It is life
It was one of those days, it was a Thursday to be exact. I
spent the day in Uukwanyama at Werner’s house, he was getting married the next
day. 13 months earlier he had called me up, he was all excited. He was tying
the knot, he told me that unless I met my end prematurely that I would be
wearing a suit at the wedding. I was to be one of the grooms men. Under the
cover of the desert night, I sat on top of a koppie and took it all in. I was
doing my rounds on night shift at the time, how they put the geologist who
can’t see in the dark on night shift is one of those things I’d like to refer
to as “you got to try something at least once”.
13 months later and true to his word, the man who taught me
how to slaughter a goat and mack on girls handed me a grey suit. When someone
you grew up with in the same house decides that they want to commit to another
human being for the rest of their lives, it really puts things in perspective.
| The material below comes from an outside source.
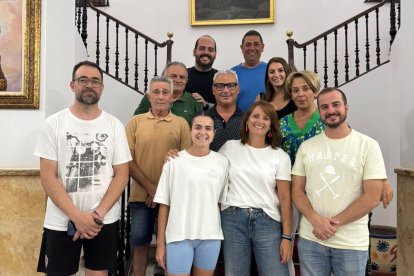 Foto de familia de la alcaldesa y el concejal de cultura tras la reunión mantenida con las Cofradias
He was setting a great example, boys will be boys but eventually you find that
one girl and settle down. I’d prefer to just find the girl instead of going
around being a lad, as the English would say. After I picked up the suit, I
drove back home. The trousers were a bit too long, so I called my sister and
she arranged for a friend of hers with a sewing machine to nip and tuck them
for me. As we sat in the kind lady’s shop, a small backroom in one of the
biggest bars at the village; something happened.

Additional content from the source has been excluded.